GME | Devpost

Inspiration

What if we could literally watch an AI build its own world, piece by piece, while explaining its thought process to us? We've seen AI generate text, images, and single 3D models, but the concept of an agentic, spatial environment builder is still largely unexplored. GME (Gemini Universe Engine) was inspired by the desire to break out of the traditional "text box" agent paradigm. I wanted users to witness a multi-agent system collaborating in a live, 3D space, where one agent acts as the hands and eyes (The Architect), and another serves as the omniscient narrator (The Narrator).

What it does

GME is a real-time, immersive generative engine running on a geodesic hex sphere containing 5,882 nodes. It uses a Dual-Agent Architecture:

The Architect (Gemini 3.1 Flash) visually observes the 3D canvas via 768x768 WebGL screenshots and emits structured JSON actions to dynamically spawn objects, modify terrain elevation, and alter colors based on the user's chosen theme.
The Narrator (Gemini 3.1 Flash-Lite) uses the Gemini Live API over WebSocket to stream a continuous, vivid voiceover of the world being built in real-time.

Behind the scenes, the Architect also dreams up 2D concept blueprints using Imagen 3, which are processed by a dedicated VM running TripoSR and Hunyuan3D-2.1 to inject entirely new, AI-generated 3D meshes into the world .

How we built it

The project is built entirely on Google Cloud Platform, utilizing a modern microservices approach:

Frontend: Built with React 19, Vite, Three.js, React Three Fiber, and Zustand for state. It handles the hex math (via H3) and Rapier physics.
Gateway: A Node.js Express server handling rate-limiting and acting as a reverse proxy for HTTP and WebSocket connections.
ADK Backend: A Python FastAPI service leveraging the Google Agent Development Kit (ADK) to orchestrate the agents. It uses ChromaDB and Gemini Embedding 2 for long-term semantic memory of the universe's state.
Shape3D VM: An A100 GPU compute instance running Gradio to expose fast image-to-3D models (TripoSR/Hunyuan3D).

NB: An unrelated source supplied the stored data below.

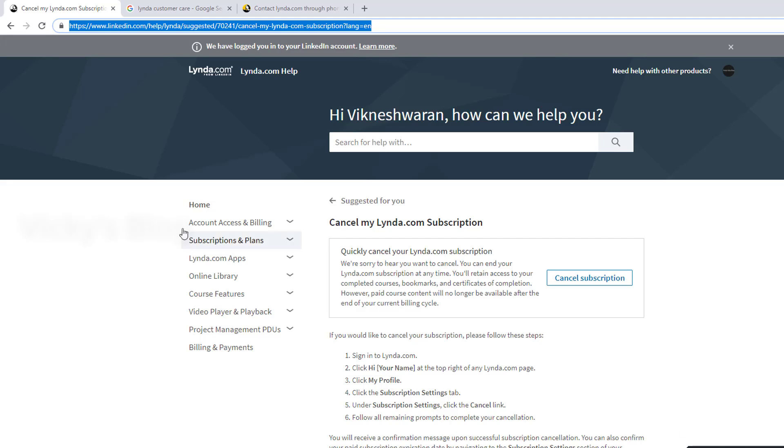Hey guys, in this video I'm just going to show how to cancel this LinkedIn subscriptions because I forgot to cancel my subscriptions, so I got charged on my credit card.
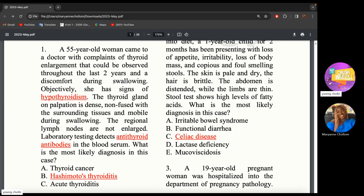A 55-year-old woman came to a doctor with complaints of thyroid enlargement observed throughout the last two years — a gradual enlargement of the thyroid gland, suggesting a goiter — and discomfort during swallowing, which is the pressure effect of the goiter.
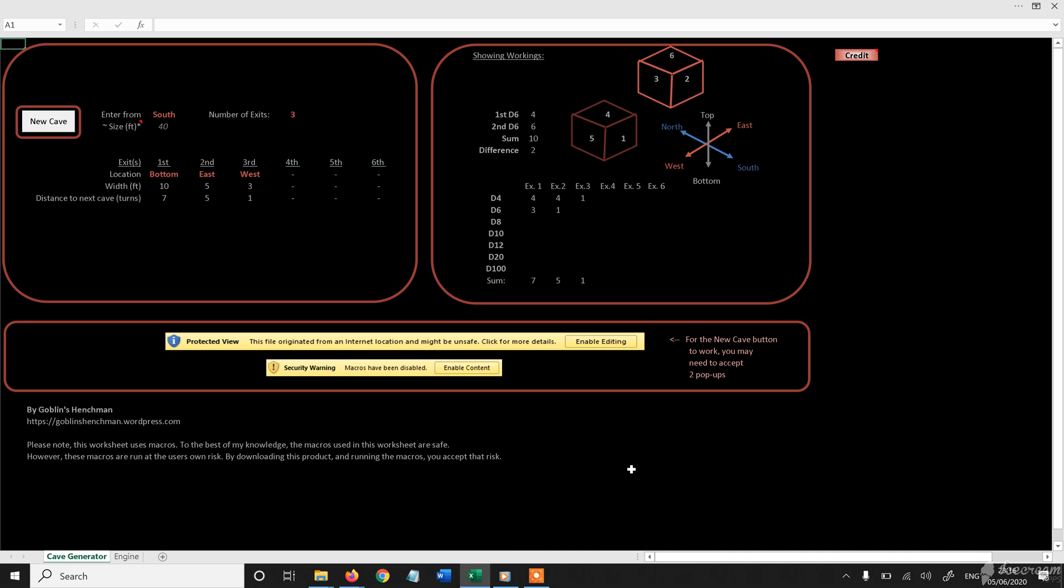So I thought I would demo this Excel widget that I wrote a little while ago. Essentially, it is a cave generator, and it's completely based on Patrick Stewart's Veins of the Earth method, as explained in that book, which I encourage you to buy. It's a great book, preferably in hardback, but obviously there is the PDF. I think Lamentations of the Flame Princess is the publisher.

We tied it all together with Cloud Build for automated CI/CD directly to Cloud Run, ensuring the system scales and deploys effortlessly.

Challenges we ran into

1. Context Window vs. Visual Speed: Getting the Architect agent to understand a massive 3D space was tough. Instead of sending an overwhelming array of 5,882 hex coordinates, we switched to a multimodal approach: we send the agent a live 768x768 pixel screenshot of the WebGL canvas on every tick, drastically dropping token usage while massively improving spatial reasoning. 2. The Shape3D Pipeline: Generating 3D objects in real-time is notoriously slow. We had to build a complex asynchronous pipeline where Vision models isolate 2D objects from a blueprint, send them to a dedicated GPU VM, and return Base64 GLB meshes without blocking the main Agent generation loop. 3. Real-Time Audio WebSocket: Implementing the Gemini Live API required a reliable two-way WebSocket relay through our Node.js gateway to our Python backend to ensure the audio stream from the Narrator Agent reached the browser flawlessly.

Accomplishments that we're proud of

Synchronizing a massive React Three Fiber physics sphere with constant, live agent actions without frame drops.
successfully routing the new Gemini Live API all the way from the python backend through the web gateway to play live audio in the browser.
Building a full end-to-end AI pipeline that goes Prompt $\rightarrow$ Text $\rightarrow$ Imagen $\rightarrow$ Vision Image Crop $\rightarrow$ VM 3D Generation $\rightarrow$ Live WebGL Render.

What we learned

We learned that multimodal grounding is the key to agentic systems. By giving the Architect agent the ability to actually see the UI screenshot rather than just reading a massive JSON state file, its reasoning capabilities and thematic coherence skyrocketed. We also learned how powerful the new Gemini Live API is for creating ambient, non-blocking user experiences.

What's next for GME

We plan to expand the architecture into a multiplayer experience where multiple users can prompt different Architect agents that must compete or collaborate to build the dominant biome on the hex sphere. We also plan to optimize the image-to-3D pipeline to run entirely on edge devices or faster T4 endpoints.